[Image-text web data]
════════════════════

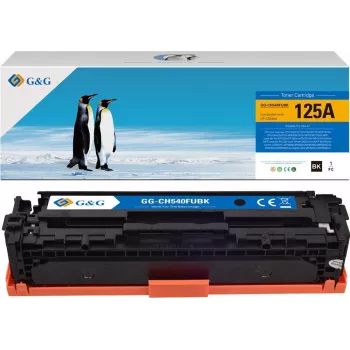 G&G Toner Compatible with HP 125A/128A/131X (14316) - Black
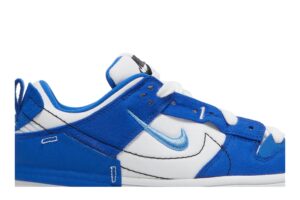 Nike Dunk Low Disrupt 2 White University Blue (Women's) DH4402-102 - Arviolet photo 2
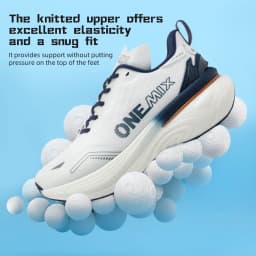 ONEMIX 2026 New Jogging Running Shoes Women and Men Light Sneakers Road Shoes Wear-resistant Fashion Sports Shoes Fitness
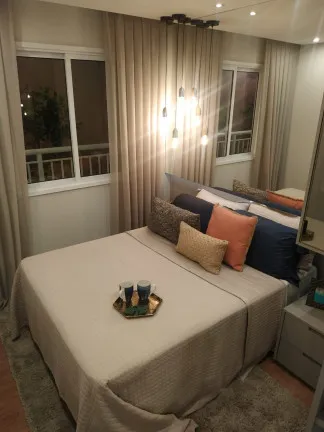 Imagem Apartamento com 1 Quarto à Venda, 31 m² em Vila das Belezas - São Paulo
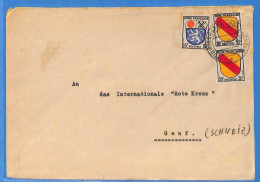 Allemagne Zone Française 1946 - Lettre De Ludwigshafen - G30848 - Andere & Zonder Classificatie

════════════════════

EXERCISE REQUIREMENTS
Before printing the records again, strip out the pictures; change nothing else.

ANSWER BOX
 G&G Toner Compatible with HP 125A/128A/131X (14316) - Black
 Nike Dunk Low Disrupt 2 White University Blue (Women's) DH4402-102 - Arviolet photo 2
 ONEMIX 2026 New Jogging Running Shoes Women and Men Light Sneakers Road Shoes Wear-resistant Fashion Sports Shoes Fitness
 Imagem Apartamento com 1 Quarto à Venda, 31 m² em Vila das Belezas - São Paulo
 Allemagne Zone Française 1946 - Lettre De Ludwigshafen - G30848 - Andere & Zonder Classificatie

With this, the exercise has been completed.